Supervised Learning Model

Regarding these features, we now want to build a model for estimating which customers potentially respond to Arvatos marketing campaign.

For this Mailout Train dataset, there is an additional column for training the model, namely the Response features which is either 0 or 1.

The distribution in the dataset is

• 98,7% : 0
• 1.3% : 1

So we can see, most people don’t reply. For training the model I only used the above-mentioned features, 43 in total. I filled up missing birth years according to the AGER_TYP features if it is available, which indicates in which time period (the 40s, 50s, 60s) the customer grew up. Same if this AGER_TYP was not available, but the birth year, I filled it up accordingly.

For building a supervised model, we need to split data into training and testing data sets to train on the training data set and to make a prediction on the test data set. I will make an evaluation on the training data by splitting it up into training and validation data to get a first impression of which kind of result to expect when I submit the TEST_MAILOUT to Kaggle.

• I decided to use the basic train_test_split method from sklearn with a test data size of 20%.

For evaluating which classifier is the best one, I trained a Pipeline with Grid-Search:

pipe = Pipeline([('classifier', RandomForestClassifier())])

# Create space of candidate learning algorithms and their hyperparameters
search_space = [{'classifier': [LogisticRegression()],
                 'classifier__penalty': ['l2'],
                 'classifier__C': np.logspace(0, 5)},
                {'classifier': [RandomForestClassifier()],
                 'classifier__n_estimators': [10, 100],
                 'classifier__max_features': [1, 3]},
                {'classifier': [GradientBoostingRegressor(random_state=42)],
                 'classifier__n_estimators': [50, 100, 200],
                 'classifier__min_samples_split': [2, 3, 4]}]

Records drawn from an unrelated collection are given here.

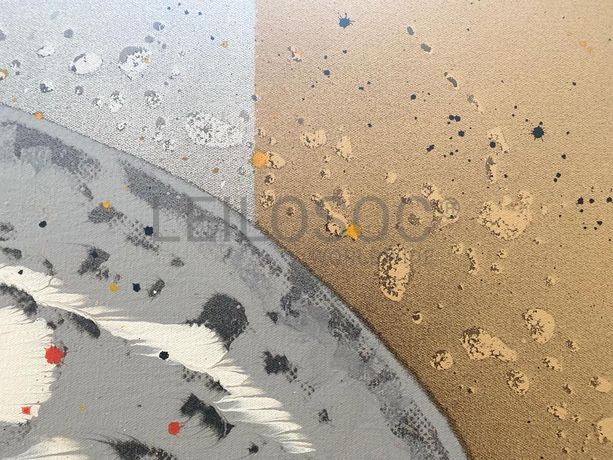 "Head on a geometrical field" · José Manuel Ciria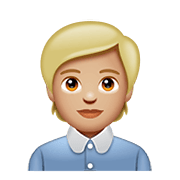 Emoji 🧑🏼‍💼 Persona Che Fa Un Lavoro D’ufficio: Carnagione Abbastanza Chiara su WhatsApp 2.21.11.17.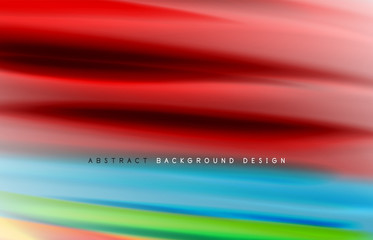 Fototapeta premium Abstract background - fluid color gradient waves, with dynamic motion line effect. Vector Illustration For Wallpaper, Banner, Background, Card, Book Illustration, landing page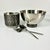 Metal 1970s Mid-Century Danish Modern Gustavia Boho Chic Swedish Salad Bowls Set - 7 Pieces For Sale - Image 7 of 18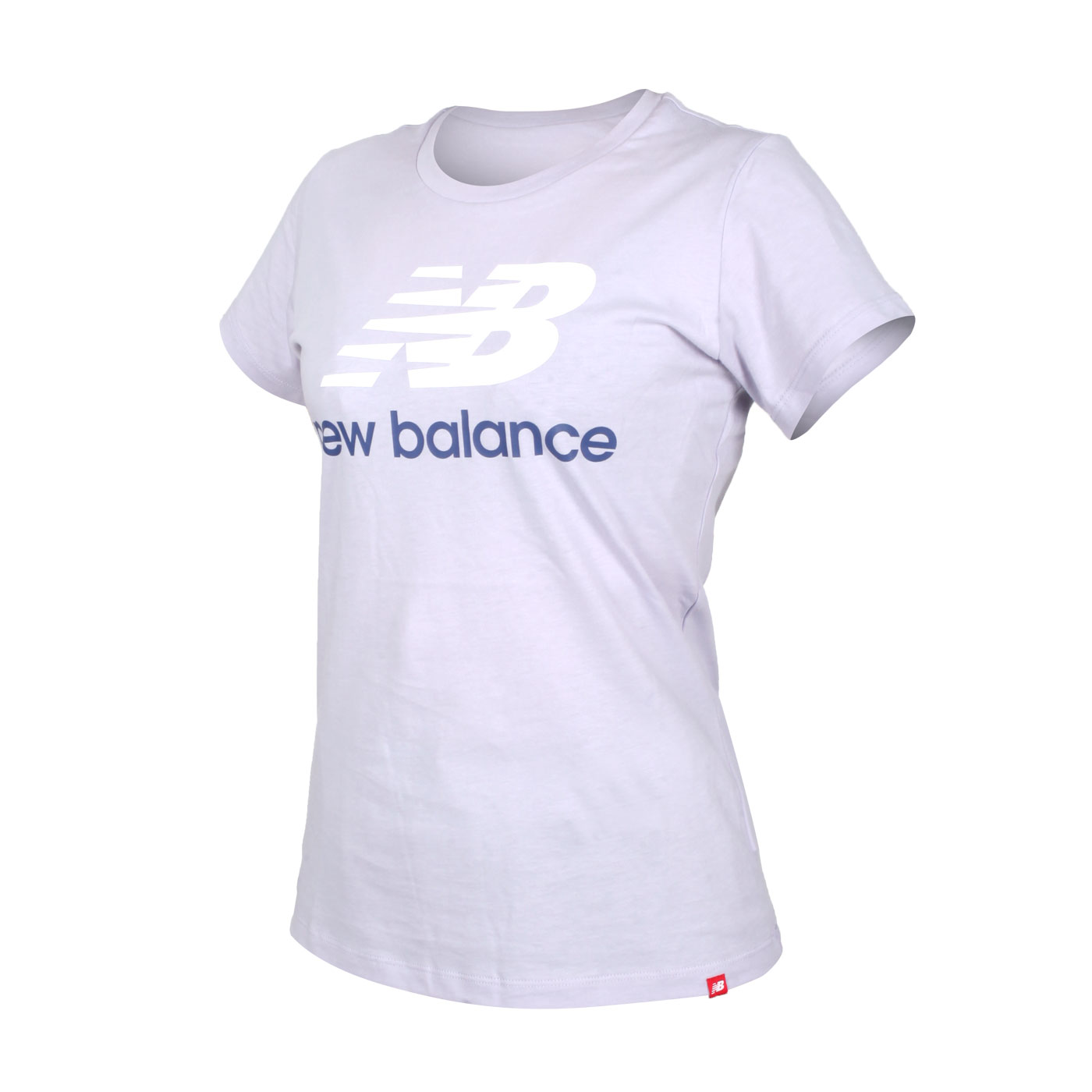 NEW BALANCE 女款短袖T恤 AWT91546GRV - 紫白藍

I filled these values into a Grid-Search-CV model and ended up with the

GradientBoostRegressor to be the best classifier for this task

Classifier Parametrization

GradientBoostingRegressor(alpha=0.9, ccp_alpha=0.0, criterion='friedman_mse',
                          init=None, learning_rate=0.1, loss='ls', max_depth=3,
                          max_features=None, max_leaf_nodes=None,
                          min_impurity_decrease=0.0, min_impurity_split=None,
                          min_samples_leaf=1, min_samples_split=2,
                          min_weight_fraction_leaf=0.0, n_estimators=50,
                          n_iter_no_change=None, presort='deprecated',
                          random_state=42, subsample=1.0, tol=0.0001,
                          validation_fraction=0.1, verbose=0, warm_start=False)

Since the score is to a very high percentage of 0’s, a mean accuracy is not good, because in this way an accuracy of 98% can be easily achieved by only predicting 0’s. In this way, the metric AUC-Score is used.

My training score after splitting the data was 78,62%

I used the roc_auc_score method from sklearn to achieve this result.

Kaggle Competition

I predicted now on the MAILOUT_TEST dataset with this GradienBoostRegressor. The computed roc score from Kaggle achieved a score of

Score after uploading it to Kaggle was 73,33%

Conclusion

It was great fun doing the Data Science Nanodegree at Udacity and It was great fun to do this Capstone project. I learned a lot during this project and the ways in which it can be solved are endless. For this reason, I really like the Data Science field.

• The first part included data exploration and data preprocessing. This was definitely one the most difficult parts of the project because the 366 features where sometimes confusing and a lot of the data was missing. I needed to decide which columns to include in the final model.
• The Gradient Boost Regressor appeared to be the best classifier. The parameters were chosen by the GridSearchCV Pipeline after running approximately 25 minutes on my computer with a relatively old graphics-card. My result of 73,33% at the end is not one of the best, but also not one of the worst results on the Kaggle Leaderboard.

Thank you for reading my way to tackle this task.